--- Recorded information ---
*** Begin section ***

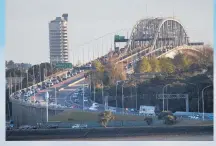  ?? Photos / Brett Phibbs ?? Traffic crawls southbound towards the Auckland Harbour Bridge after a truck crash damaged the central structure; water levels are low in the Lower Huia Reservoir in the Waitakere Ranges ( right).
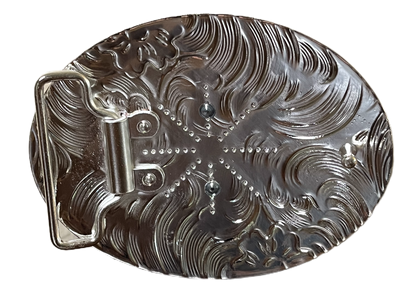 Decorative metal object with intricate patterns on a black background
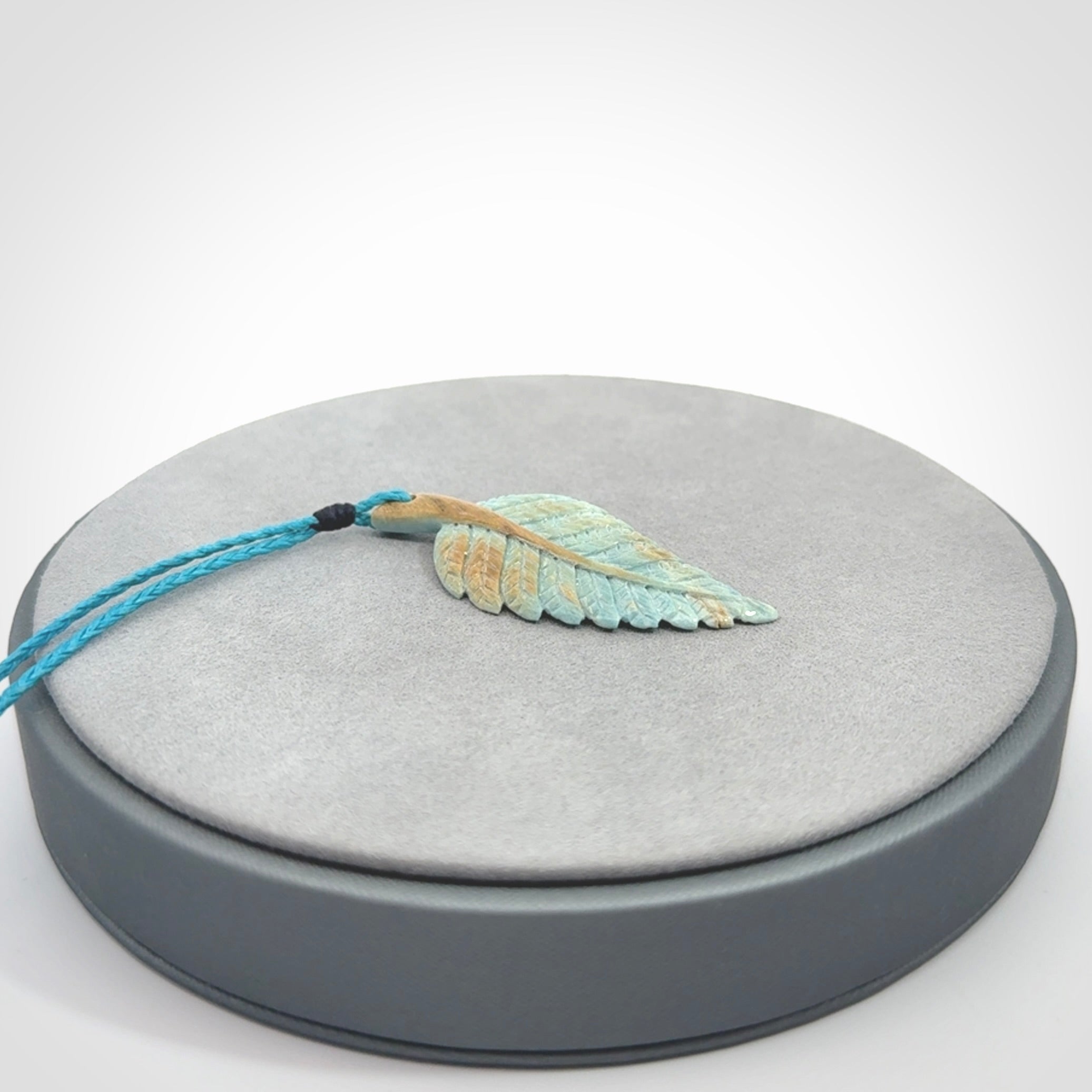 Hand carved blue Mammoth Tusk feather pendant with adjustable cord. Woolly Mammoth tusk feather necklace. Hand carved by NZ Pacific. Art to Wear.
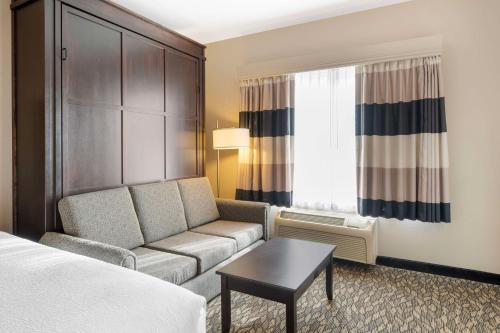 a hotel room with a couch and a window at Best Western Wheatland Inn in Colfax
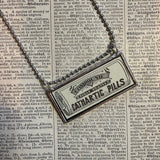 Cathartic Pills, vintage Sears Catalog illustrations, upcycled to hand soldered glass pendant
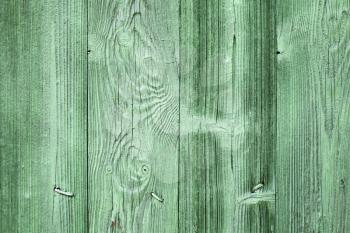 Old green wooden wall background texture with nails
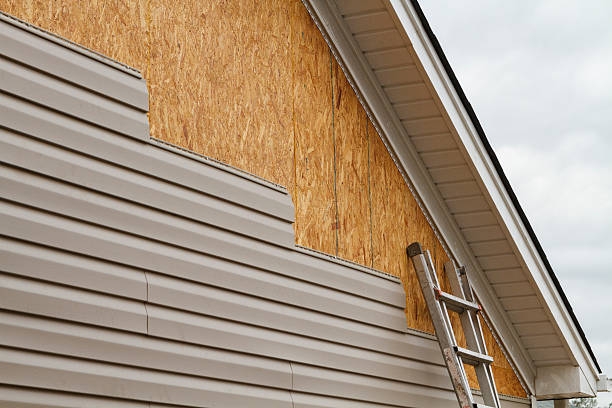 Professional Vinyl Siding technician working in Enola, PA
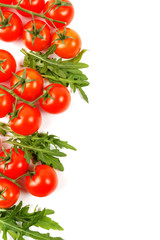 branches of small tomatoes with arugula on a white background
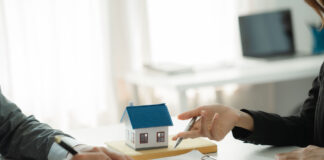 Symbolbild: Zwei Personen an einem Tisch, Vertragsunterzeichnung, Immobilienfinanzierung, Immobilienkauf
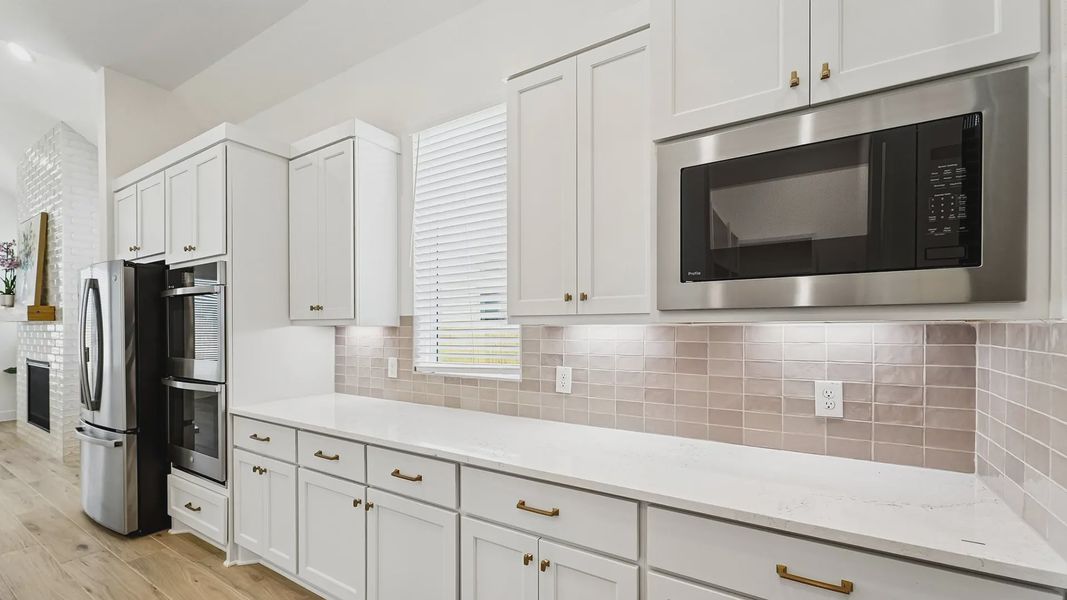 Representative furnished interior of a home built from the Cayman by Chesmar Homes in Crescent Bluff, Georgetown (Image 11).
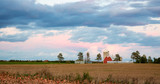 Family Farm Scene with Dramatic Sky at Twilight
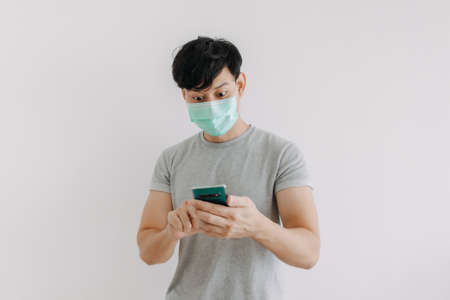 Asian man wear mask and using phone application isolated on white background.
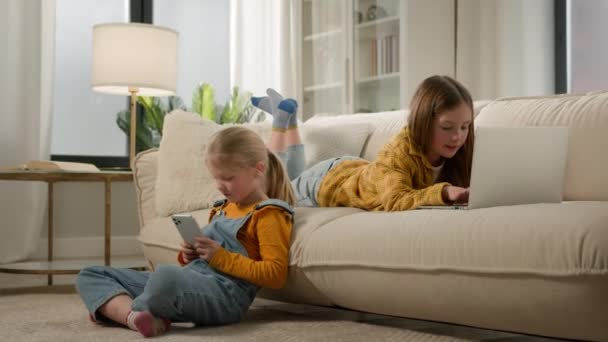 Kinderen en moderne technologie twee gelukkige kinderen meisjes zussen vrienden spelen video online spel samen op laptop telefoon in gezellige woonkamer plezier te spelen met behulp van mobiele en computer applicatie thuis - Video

*** End section ***
*** Begin section ***

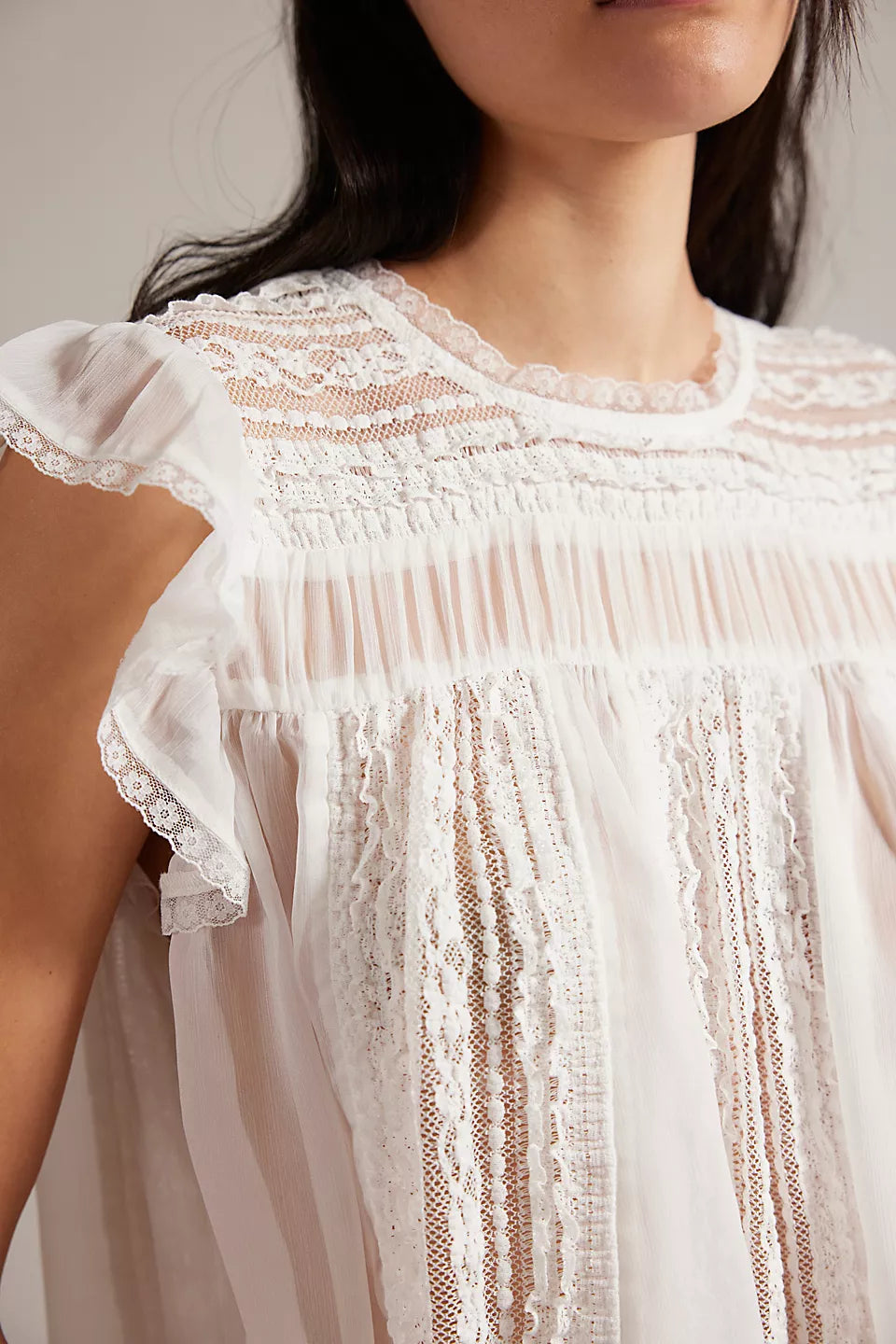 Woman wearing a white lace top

*** End section ***

--- Task to complete ---
Find the line with "Family Farm Scene" and the line with "Kinderen en moderne" in the records above. Copy both and all lines between them exactly, without pictures.

--- Solution to the exercise ---
 Family Farm Scene with Dramatic Sky at Twilight
 Asian man wear mask and using phone application isolated on white background.
 Kinderen en moderne technologie twee gelukkige kinderen meisjes zussen vrienden spelen video online spel samen op laptop telefoon in gezellige woonkamer plezier te spelen met behulp van mobiele en computer applicatie thuis - Video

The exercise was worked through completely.